There is nothing, nothing, nothing greater
than knowing that God is actually interested in you
and cares about the stuff you care about.
I re-read and edited the last five chapters of the book and worked on some dialogue until I couldn’t see straight anymore. It was time to close up shop and go home. We agreed to leave at 4 p.m., but by 3:30, we had turned in our keys and taken to the road.
My experience at the Abbey – in the library, in the chapel, in the silent dining room, in the woods, in room 311 – cannot be summed up by overused words like special, spiritual, moving. Annette and I spoke about this yesterday on the phone. We talked about how difficult it’s been to plug back in to normal life, how the noise seems noisier, how the chaos feels more chaotic.

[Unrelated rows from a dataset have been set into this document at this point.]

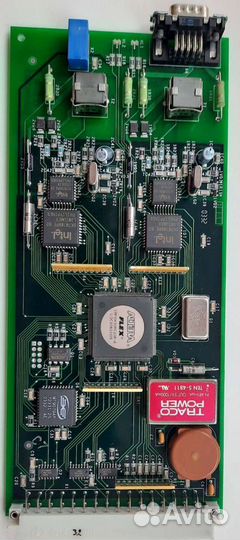 Сетевое оборудование (OGM-30. огм-30)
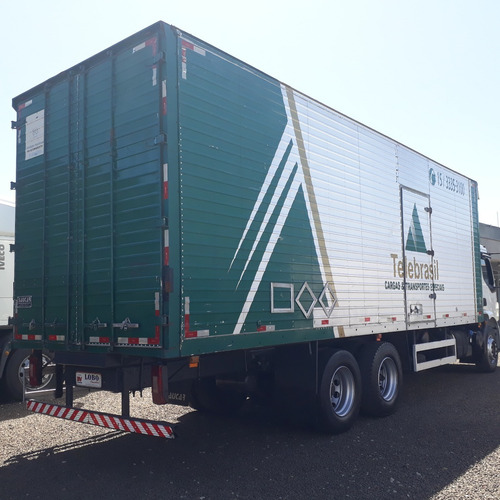Imagem 12 de 15 de Volvo Vm 270 Euro 5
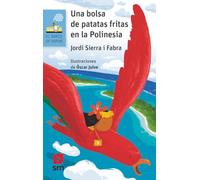 Una bolsa de patatas fritas en la Polinesia: 181 (El Barco de Vapor Azul)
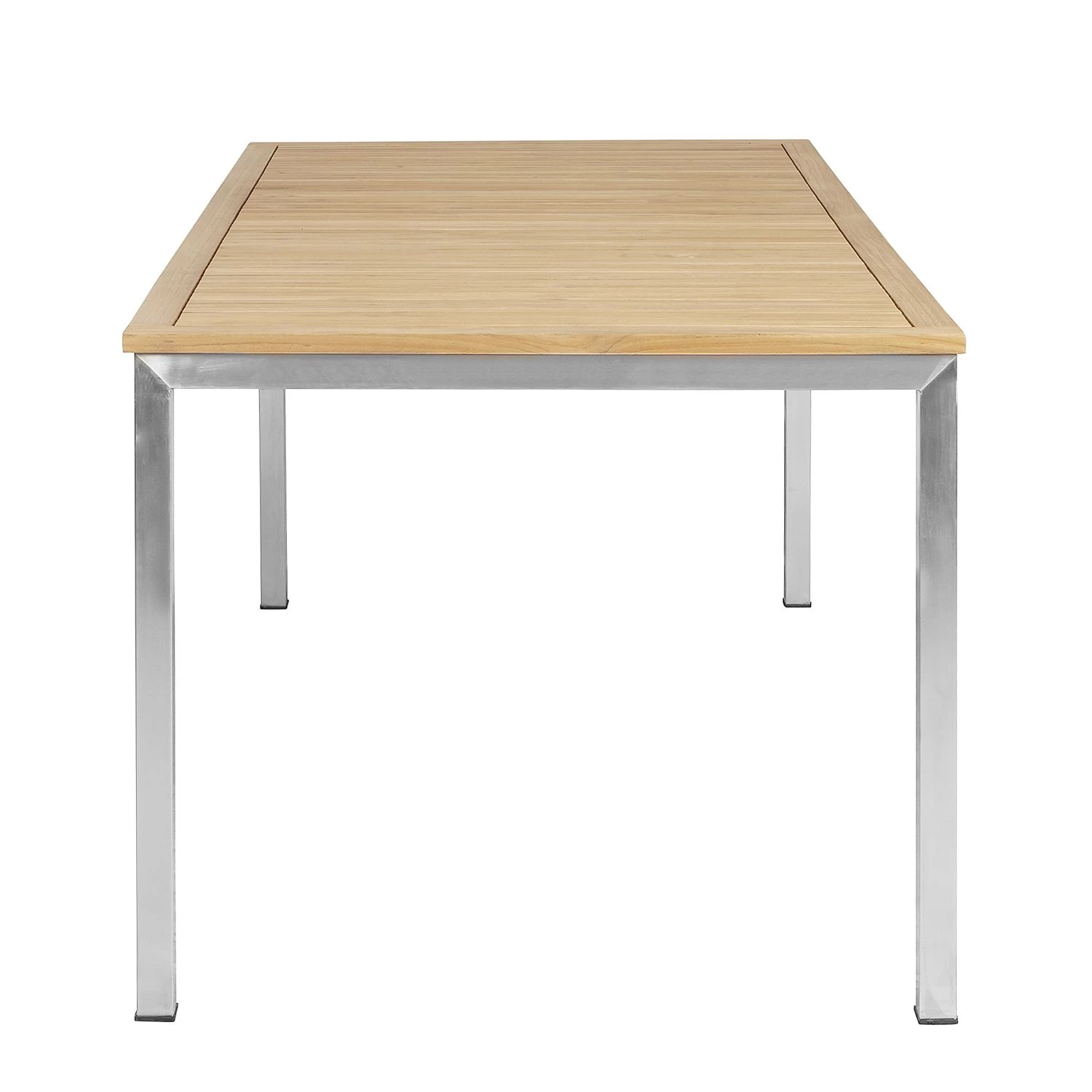 Studio Copenhagen Table de jardin Teakline Exclusif I - Largeur : 180 cm 9 Studio Copenhagen Table de jardin Teakline Exclusif I - Largeur : 180 cm – Image 7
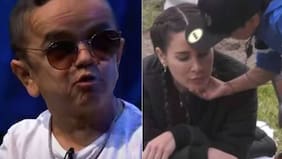 “Me hubiera encantado si se sintió incómoda…”: Miguelito contó la firme tras lapidarias críticas por beso sin su consentimiento a Fran Undurraga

But it’s more than that. I’ve said several times now that we went in with no expectations, but now I think that had to have been an impossibility. Surely I expected something to happen, even if I couldn’t name it. I know I expected to sleep well (I didn’t sleep well), I expected to observe but not fully connect with the Catholic tradition (I definitely connected), and I hoped to finish the book (I did). I thought I’d come away with some inner peace of some kind, but actually I feel unsettled (and still sleep deprived). I spent most of yesterday deep-cleaning my house and getting rid of things because I missed the simplicity of the Abbey.

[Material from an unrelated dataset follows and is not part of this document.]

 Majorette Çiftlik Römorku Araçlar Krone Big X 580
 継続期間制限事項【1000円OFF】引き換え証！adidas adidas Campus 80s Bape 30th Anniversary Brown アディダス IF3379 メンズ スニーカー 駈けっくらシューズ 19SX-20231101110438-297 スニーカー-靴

And TV? I tried watching about half an hour the other night, but the noise of commercials and the negativity of the news (bad choice, I know) left me feeling… icky.
Coming home has required more effort and energy than what was required to adjust to the silence and schedule at the retreat center. That is something I definitely didn’t expect.

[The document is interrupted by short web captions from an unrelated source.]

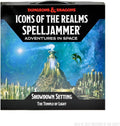 Dungeons & Dragons: Icons of the Realms: Spelljammer: Adventures in Space: Showdown Setting: The Temple of Light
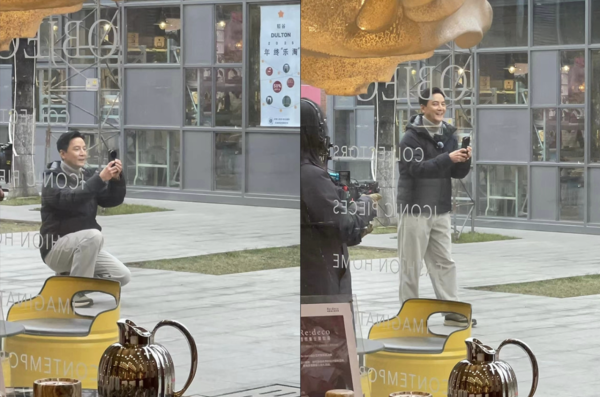 吳彥祖持神秘新機街拍 疑揭露小米 Xiaomi 17 Ultra真身 Leica加持傳X千有交易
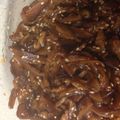 noamama3's cooksnap of when they made ご飯にピッタリ☆生姜と椎茸の佃煮.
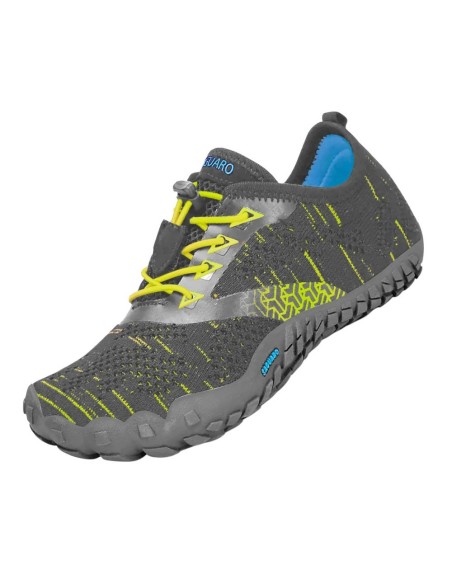 Zapatillas barefoot Saguaro Smart I Verde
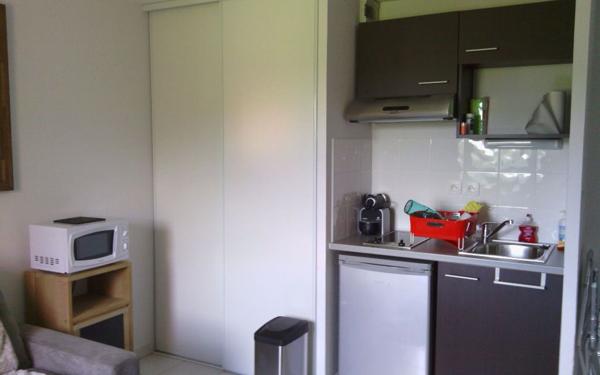 Appartement à louer    1 pièce •  Toulouse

On the drive home Annette and I talked about ways to incorporate the discipline of silence and stillness in our homes. With children, it’s a challenge. With adults, it’s a challenge. With blue tick hounds, it’s a big challenge.
But there is always hope.
Two silent retreats a year might be wishful thinking, but one per year is doable. I have to believe this is good for the soul.
One last thing and then I’ll let you go. If you were to approach me in person and ask about my experience at the Abbey, I honestly wouldn’t know what to say. Even though I’ve written six blog posts about it, I still wouldn’t know what to say to you verbally. (This is when mind-reading would come in handy.) My hope is that you can somewhat grasp what it’s like by reading these words, but my greater hope is that you would experience it firsthand and come away with your own conclusions.
Come to think of it, if you ask me in person what the experience was like, there is nothing left to say, except, “You have to go and find out for yourself.”